WASHINGTON – American health authorities said Tuesday they ultimately expect the novel coronavirus to spread in the United States and are urging local governments, businesses and schools to develop plans like canceling mass gatherings or switching to teleworking.
The comments mark a significant escalation in the level of threat being conveyed to the U.S. public and come amid fears of a pandemic, as the disease has taken root in several countries outside China, including Iran, Italy, Japan, Singapore, South Korea, Taiwan and Thailand.
COVID-19 has killed more than 2,600 people and infected almost 80,000 others, mainly in China. There are so far 53 recorded cases in the United States.

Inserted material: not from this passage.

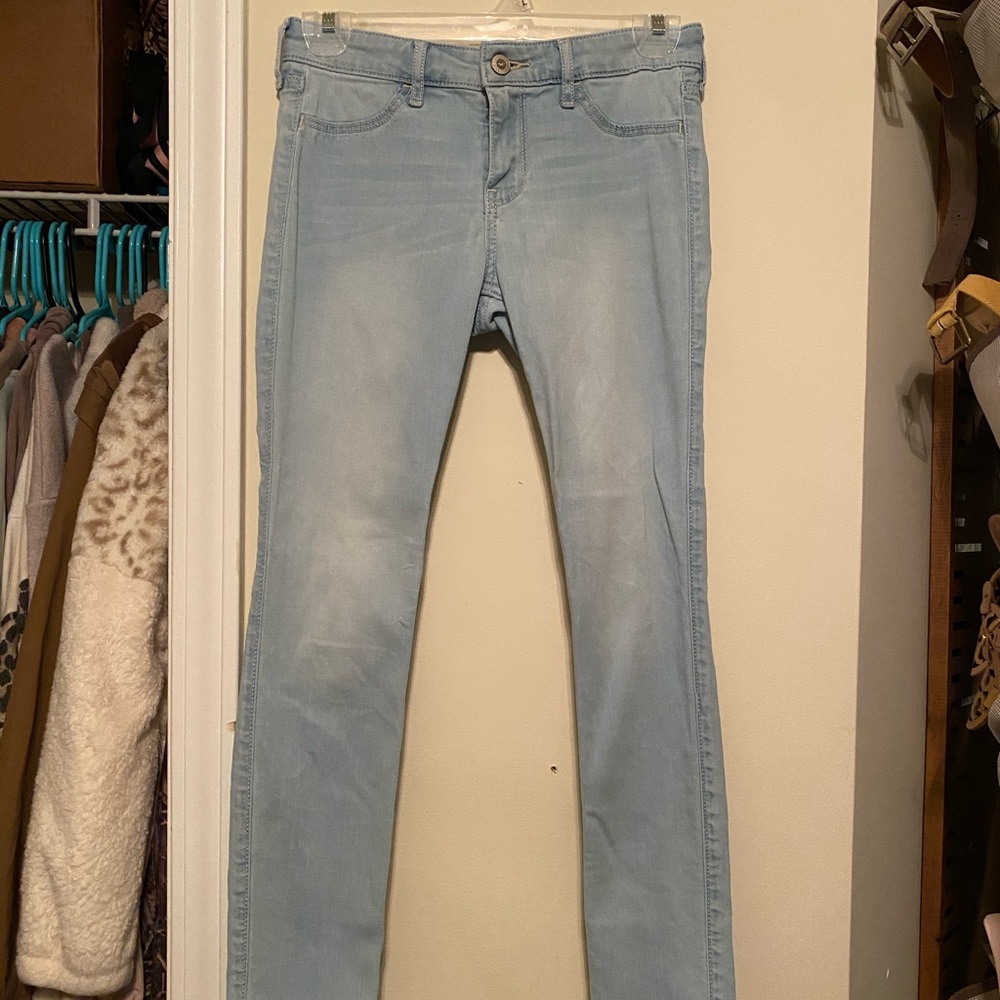 Hollister Light Washed Skinny Jean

“Ultimately, we expect we will see community spread in this country,” said Nancy Messonnier, a senior official with the Centers for Disease Control and Prevention (CDC).
“It’s not so much a question of if this will happen anymore, but rather more a question of exactly when this will happen, and how many people in this country will have severe illness.”
In the absence of a vaccine or any form of treatment for COVID-19, so-called non-pharmaceutical interventions “will be the most important tools in our response to this virus,” she added.
These should be decided on a case-by-case basis depending on the severity of an outbreak within localities.
“For schools, options include dividing students into smaller groups or in a severe pandemic closing schools and using internet based teleschooling.
“For adults, businesses can replace in person meetings with video and telephone conferences and increase teleworking options,” she continued, adding that on a larger scale, cities may need to cancel mass gatherings.
In the case of hospitals, it may mean delaying elective procedures and increasing telephone consultations.
“You should ask your children’s school about their plans for school dismissal or school closures. Ask about teleschooling. I contacted my local school superintendent this morning with exactly those questions.”
In a related development, the U.S. National Institutes of Health said Tuesday it had begun its first randomized clinical trial to investigate the safety and efficacy of the antiviral remdesivir in treating COVID-19.
The first trial participant is an American who was repatriated after being quarantined on the Diamond Princess cruise ship that docked in Yokohama, Japan and who is being treated at the University of Nebraska Medical Center in Omaha.
The trial’s organizers said it will be adapted to enroll participants at other sites in the U.S. and worldwide, eventually including up to 400 people, and would also investigate other treatments.